Maryland leading challenge to Trump administration's decision allowing seismic testing off Atlantic coast

Maryland is leading a group of nine Atlantic states in challenging the Trump administration's decision to allow energy companies to conduct thundering underwater seismic tests off the coast.

The states are joining a lawsuit filed by environmental groups in South Carolina last week.


Attorney General Brian Frosh said the seismic testing permits violate federal laws protecting endangered species and the environment. The booming tests, which could go on for months, would disrupt if not “devastate” whales, dolphins and other creatures that use sound to hunt and interact with each other, Frosh said Thursday while announcing the legal action at the National Aquarium in Baltimore.

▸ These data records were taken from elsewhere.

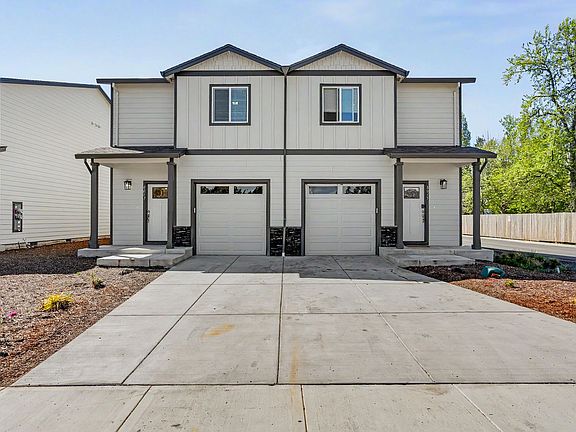 3rd image of 1320 Mildred Ln SE #1320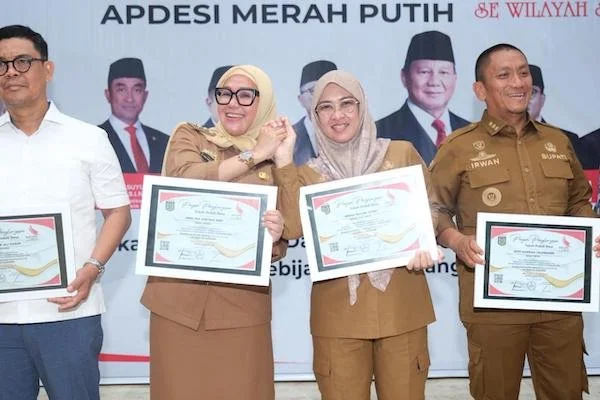 Bupati Gowa, Sitti Husniah Talenrang saat Menerima Penghargaan (Dok: Ist).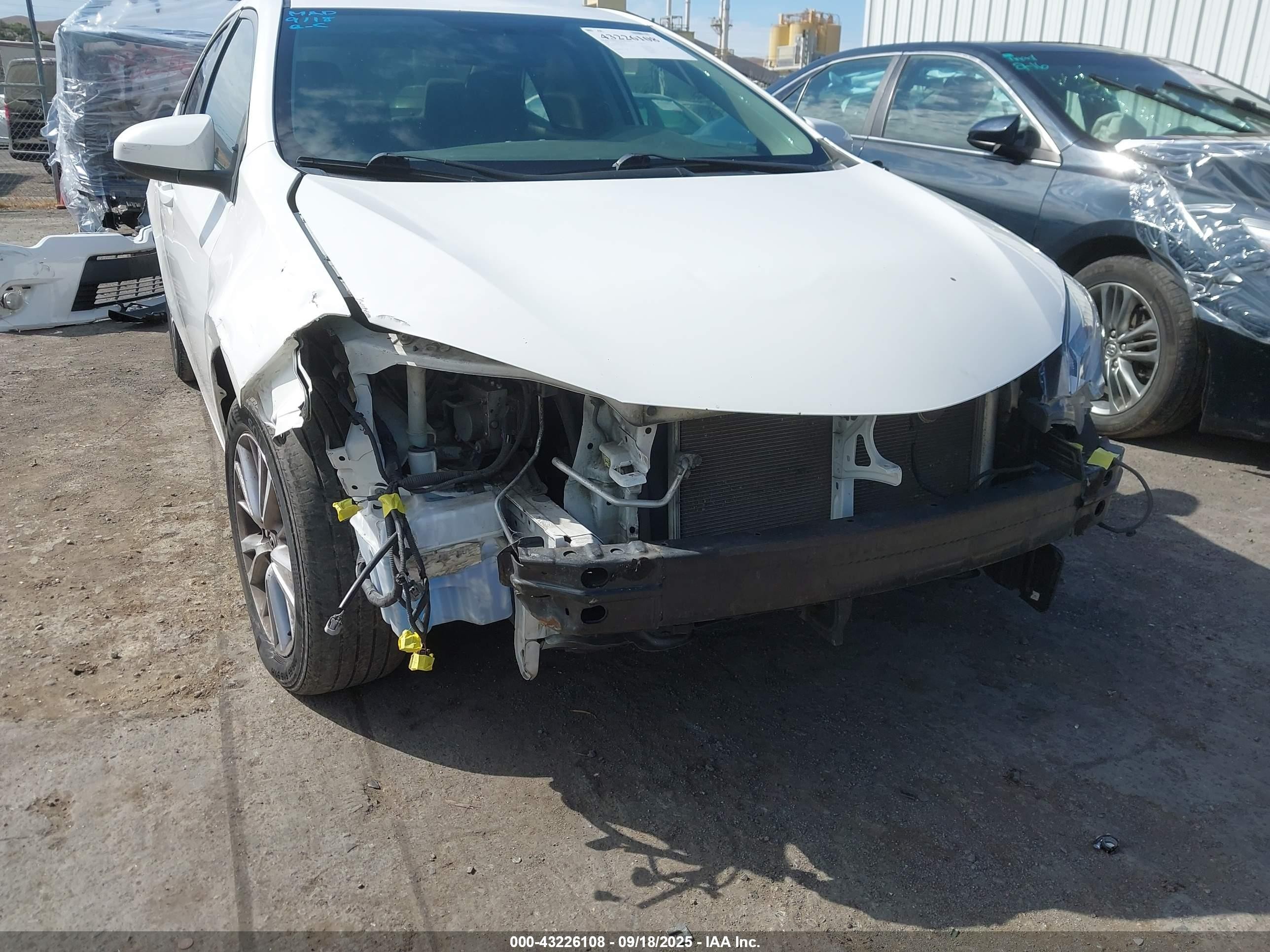 2014 Toyota Corolla Le Plus White vin: 2T1BURHE3EC175275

Separately, Gov. Larry Hogan’s administration called on the federal government to remove Maryland’s waters from the section of coast that Trump reopened for energy exploration last year.


“We are deeply concerned about the individual and cumulative impacts to marine species and habitats that may result from geological and geophysical surveys,” Natural Resources Secretary Mark Belton wrote in a letter to federal fisheries and energy officials Thursday.

The National Marine Fisheries Service approved permits last month for five companies to conduct seismic testing off the Atlantic coast. The permits are needed to allow “incidental harassment” of more than two dozen species including whales, dolphins, porpoises and sea turtles.

Opponents of the testing say it would do more than “harass” the animals — Frosh said major, constant seismic disruptions would be deadly. In the lawsuit, Frosh and the attorneys general of North Carolina, Virginia, Delaware, New Jersey, New York, Connecticut, Massachusetts and Maine argue the federal government underestimates the impact the testing would have on marine wildlife, and also overestimates their populations in order to make any potential harms appear less significant.

“It’s continuous 160-decibel noise, and it goes on for months,” Frosh said.

“160 decibels under water is louder than a rock concert,” added National Aquarium CEO John Racanelli, who said he joins with Frosh and Belton in opposing offshore drilling.

The energy industry says the seismic surveys are one of many steps in a process to ensure that any future drilling would have minimal impact on the marine environment. It argues offshore resources need to be explored to ensure U.S. energy independence and affordability. Little is known about what resources may lie beneath the ocean floor because the area hasn’t been explored in decades.

Belton said the Hogan administration hopes to get the Trump administration to agree to remove Maryland waters from a zone the federal Bureau of Ocean Energy Management has established for exploration, as it did with Florida’s coast. He said the agency is expected to update its five-year plan for energy exploration early in 2019, and has sought plenty of input from states who have expressed opposition to the idea of offshore drilling.

The bureau “constantly says they’re going to take states’ interests in mind when they make their final decisions,” Belton said. “If they don’t take that into consideration, then you’ve got to think they’re just not telling the truth from the beginning. If so many folks and interests think it’s a bad idea, why would we move forward with it?”


Frosh said it didn’t seem fair that Maryland’s waters are open for energy exploration when Florida’s aren’t.

“Maryland has everything that Florida’s got, except Mar-a-Lago,” he said, referring to the Palm Beach resort Trump owns.